▶ **Task requirements**
Please output exactly the lines from the one containing "White Sharp Edge" through the last line of the records, both included.

--- Input data Enclosed Below ---

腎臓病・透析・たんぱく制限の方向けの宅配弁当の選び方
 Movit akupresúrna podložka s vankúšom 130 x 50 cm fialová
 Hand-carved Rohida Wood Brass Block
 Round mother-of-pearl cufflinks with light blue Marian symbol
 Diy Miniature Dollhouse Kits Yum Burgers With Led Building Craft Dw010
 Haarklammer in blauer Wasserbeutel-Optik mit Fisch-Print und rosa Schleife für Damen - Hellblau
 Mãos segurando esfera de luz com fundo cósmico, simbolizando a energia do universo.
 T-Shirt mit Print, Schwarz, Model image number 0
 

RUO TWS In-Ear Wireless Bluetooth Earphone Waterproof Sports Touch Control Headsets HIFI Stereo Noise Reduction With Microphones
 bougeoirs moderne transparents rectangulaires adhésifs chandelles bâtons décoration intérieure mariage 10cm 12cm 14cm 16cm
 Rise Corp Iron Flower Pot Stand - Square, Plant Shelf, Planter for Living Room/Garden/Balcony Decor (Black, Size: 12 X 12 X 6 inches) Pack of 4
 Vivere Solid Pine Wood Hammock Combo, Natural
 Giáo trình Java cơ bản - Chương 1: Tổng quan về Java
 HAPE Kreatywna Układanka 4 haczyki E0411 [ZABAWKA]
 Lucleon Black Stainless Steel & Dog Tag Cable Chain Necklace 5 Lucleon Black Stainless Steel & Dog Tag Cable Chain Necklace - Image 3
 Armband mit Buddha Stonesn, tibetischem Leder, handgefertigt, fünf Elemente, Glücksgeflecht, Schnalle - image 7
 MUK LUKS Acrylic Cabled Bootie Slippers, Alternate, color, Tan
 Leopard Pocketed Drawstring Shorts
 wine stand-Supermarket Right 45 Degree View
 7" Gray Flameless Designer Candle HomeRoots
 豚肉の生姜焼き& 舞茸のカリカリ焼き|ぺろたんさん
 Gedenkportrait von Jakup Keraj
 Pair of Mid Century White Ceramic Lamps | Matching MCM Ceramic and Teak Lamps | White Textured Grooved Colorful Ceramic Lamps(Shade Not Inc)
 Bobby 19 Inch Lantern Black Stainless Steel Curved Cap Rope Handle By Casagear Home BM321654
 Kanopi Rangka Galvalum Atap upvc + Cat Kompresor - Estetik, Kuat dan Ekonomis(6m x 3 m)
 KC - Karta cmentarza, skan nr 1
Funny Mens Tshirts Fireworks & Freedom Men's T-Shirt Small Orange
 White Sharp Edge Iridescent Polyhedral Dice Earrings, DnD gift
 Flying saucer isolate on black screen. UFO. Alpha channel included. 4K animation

--- End of Enclosed Input data ---

▶ **Written solution**
 White Sharp Edge Iridescent Polyhedral Dice Earrings, DnD gift
 Flying saucer isolate on black screen. UFO. Alpha channel included. 4K animation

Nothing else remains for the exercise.